E allora ecco la contromossa normativa della riprofilatura su base volontaria. Una piccola presa in giro per girare intorno all’ostacolo: il debitore in difficoltà non dichiara default, ma propone nuovi titoli più lunghi e a cedola ridotta ai propri creditori, i quali possono decidere liberamente se accettare l’offerta. In questo modo non c’è motivo formale di far scattare il trigger dei CDS. Si tratta, dicevamo, di una presa in giro: se un creditore sceglie di avere il rimborso più in là nel tempo con meno interessi annui è solo perché non giudica solvibile il suo debitore nei tempi pattuiti e preferisce concedergli più tempo piuttosto che rischiare di non avere il rimborso. Il vizio di questa operazione sta però nel fatto che è un’arma a doppio taglio: la tentazione di uno spregiudicato trader sarà quella di vedere una adesione massiccia per tenersi il “vecchio” debito, su cui il default non scatta grazie all’adesione degli altri sottoscrittori, portandosi a casa il beneficio di rendimenti da urlo.
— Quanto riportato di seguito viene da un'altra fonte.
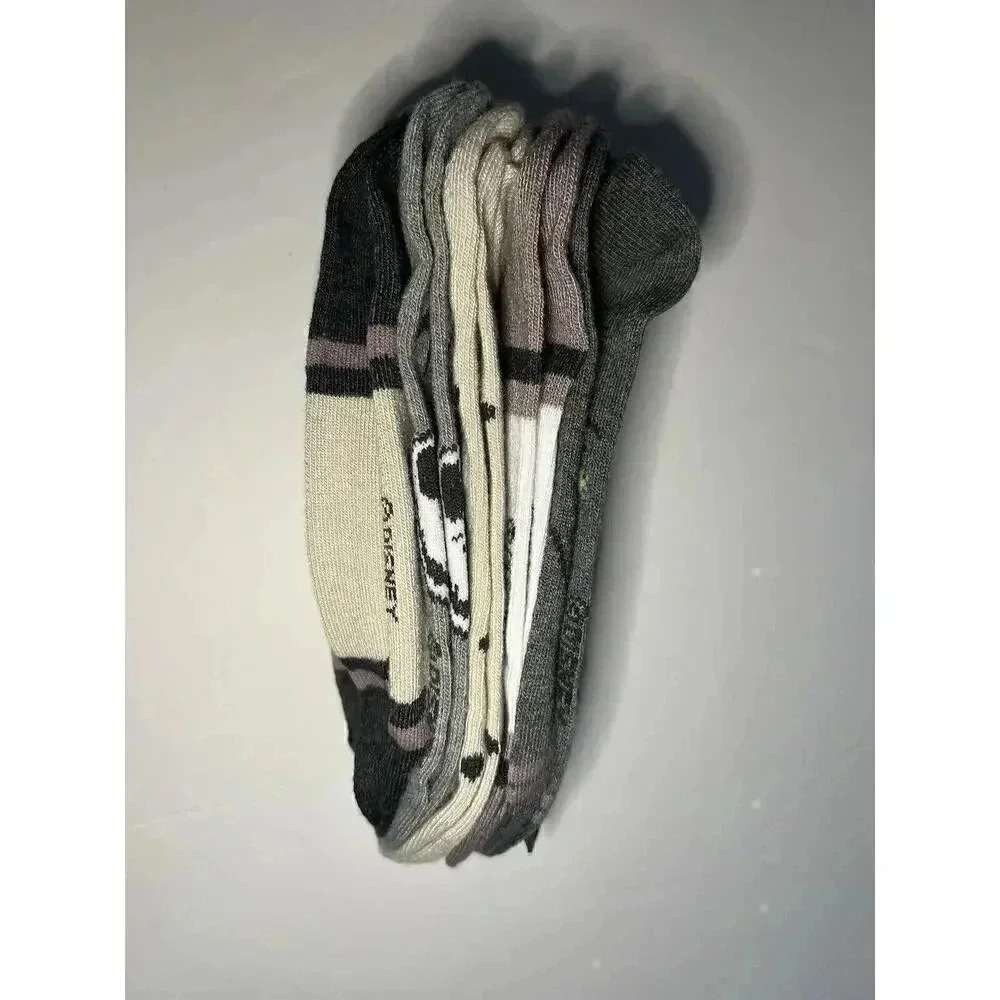 Nightmare Before Christmas Ankle Socks Pairs Set Women's Shoe Size 4-10 Fuzzy - Picture 2 of 6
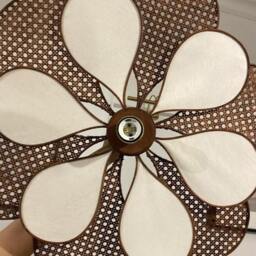 Petal Lamp, Pendant Light, Dining Room Light Fixtures, Rattan Chandelier, Flower Bohemian Fabric Chandelier - thumbnail 2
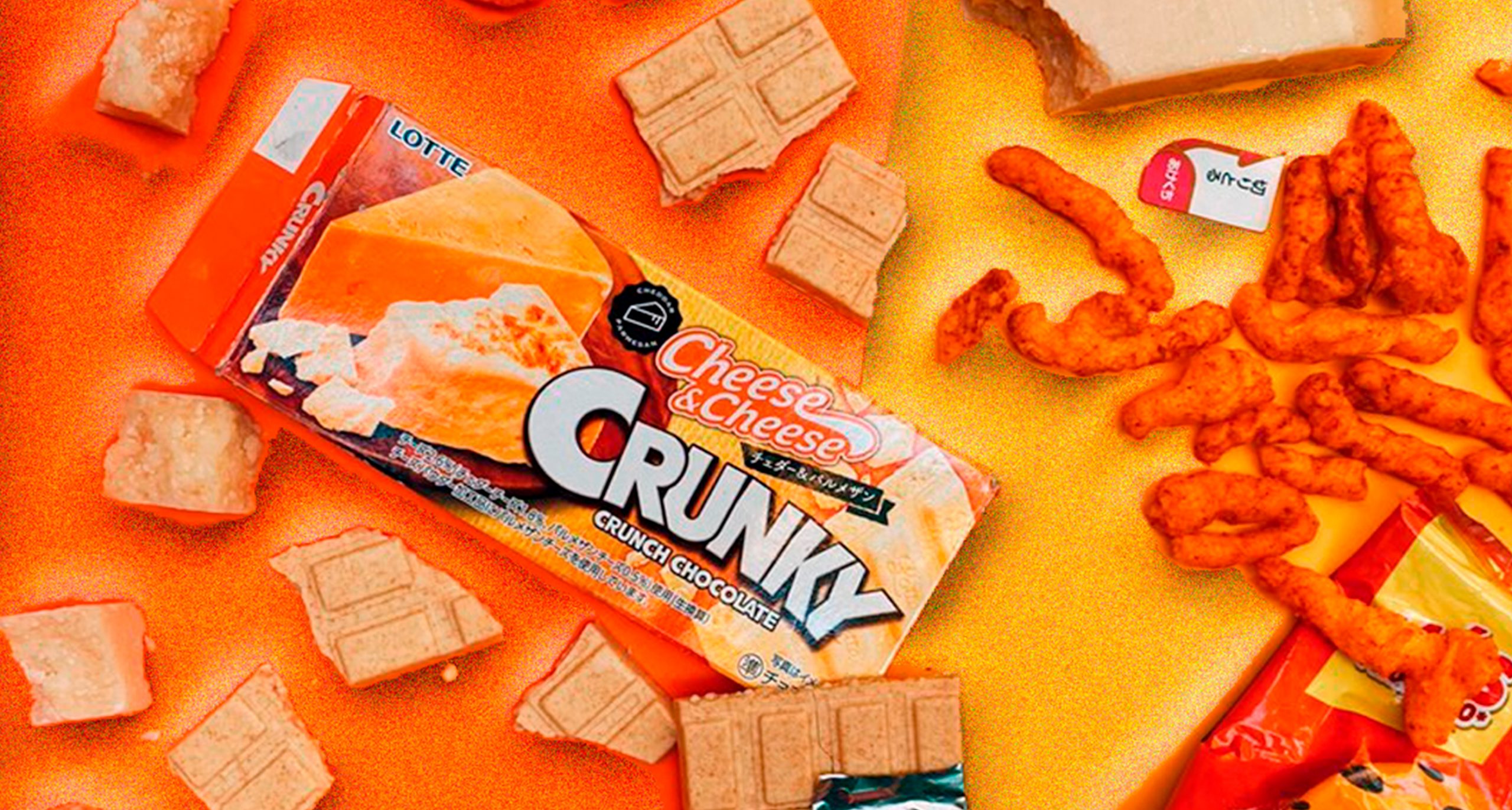 This Cheese Flavored White Chocolate Tastes Just Like Cheetos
E siccome di furbetti il mercato è pieno, questo astuto piano della “riprofilatura su base volontaria” rischia di avere il fiato corto.
Ad ogni buon conto, gli illustri portavoce della BCE fanno sapere che, anche se su base volontaria, un allungamento delle scadenze potrebbe diventare argomento di dibattimento legale per stabilire comunque lo status di default, con lo stesso stile con cui Al Pacino -nei panni di uno dei suoi personaggi- direbbe al suo interlocutore qualcosa di educato, mostrando la pistola che spunta sotto la giacca.

Christian Noyer, governatore della Banca di Francia, ad esempio sostiene che (traggo da Bloomberg:“The lengthening of maturities brings very difficult legal questions. There’s a strong chance it will be the equivalent of a default.”
Visto che Noyer è francese, Traggo da Le Figaro: “Le gouverneur de la Banque de France Christian Noyer, membre du conseil des gouverneurs de la Banque centrale européenne, a déclaré mardi qu’une restructuration de la dette publique de la Grèce serait le “scénario de l’horreur” et qu’il était très probable qu’un allongement des maturités de ses emprunts soit jugé équivalent à un défaut.
Chiaro? Sarebbe ‘molto probabile’ che un allungamento venga giudicato default

Stare sul ramo ad osservare sembra ancora la scelta migliore, ma una controllatina alle ali é meglio darla: potrebbe essere necessario volare via alla svelta.